119 pages grand in-folio (348 x 210 mm), à l'encre bleue sur 61 feuillets de papier de vélin fort, lignés, margés en rouge et chiffrés à la presse de 3 à 124 (3 pages vierges).
Signature et date en bas de la page 103 : «Romain Gary / New York, / juin 1953».



Manuscrit abondamment corrigé, avec de très nombreuses lignes biffées, présentant plusieurs états différents du même texte, avec de nombreuses et importantes variantes.
Les feuillets ont été débrochés violemment du cahier sur lequel ils avaient été rédigés, et présentent pour certains d'entre eux une déchirure avec manque de texte pour les pp. chiffrées de 14 à 48. Le manuscrit est très lisible, de l'écriture ronde et ample de l'écrivain. Léger jaunissement en bordure des feuillets

Literature

Dominique Bona, Romain Gary – Myriam Anissimov, Romain Gary le caméléon

Catalogue Note

Précieux et rare ensemble manuscrit de Romain Gary : Les Mains. Nouvelle publiée d'abord en juin 1954 dans la revue La Table Ronde, sous le titre « Ainsi s'achève une journée de soleil », puis intégrée sous le titre « Le Luth » dans le recueil intitulé d'abord Gloire à nos illustres pionniers, publié chez Gallimard en 1962, et enfin retitré Les Oiseaux vont mourir au Pérou, après la réalisation du film éponyme par Romain Gary lui-même, tiré d'une des nouvelles du recueil.
Le manuscrit comporte deux états complets de cette nouvelle : un premier état (sans doute rédigé vers 1948) portant le titre biffé « Un son de guitare », occupant les pages chiffrées 3 à 39 ; un second état, daté de 1953 et signé, postérieur au premier d'après les corrections et modifications apportées, aux pages chiffrées de 51 à 103.
Le manuscrit contient également des brouillons retravaillés de plusieurs passages de cette nouvelle, aux pages chiffrées 104 à 109, 111 à 113 (pour les premiers paragraphes), ainsi que de longs développements sur le thème des mains, aux pages chiffrées 114 à 124, dont plusieurs ne furent pas conservés dans la version imprimée de la nouvelle. Dans l'un de ces passages figure une citation d'un texte anglais d'histoire naturelle relatant la saison des amours chez les pieuvres.

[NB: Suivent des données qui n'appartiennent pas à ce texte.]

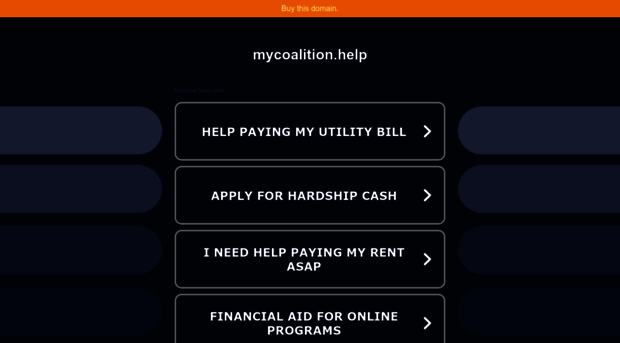 mycoalition.help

- Par ailleurs le manuscrit présente un état de la nouvelle «La Nature humaine», vraisemblablement de tout premier jet, occupant les pages chiffrées 41 à 49. L'écrivain retravailla et allongea cette nouvelle en l'intégrant également au recueil Les Oiseaux vont mourir au Pérou. Cette nouvelle raconte l'auscultation, par un docteur, d'un géant de cirque en présence de son « propriétaire », un nain cynique.

« Les Mains » ou plutôt « Le Luth » est considérée comme l'une des meilleures nouvelles de Gary, avec «Les Oiseaux vont mourir au Pérou», qui donnera son titre au recueil de 1962 après son adaptation au cinéma, nouvelles où « l'on sent surtout le conteur qui se ravit lui-même du plaisir de conter », comme l'écrivit le critique littéraire du Monde de l'époque, Pierre-Henri Simon.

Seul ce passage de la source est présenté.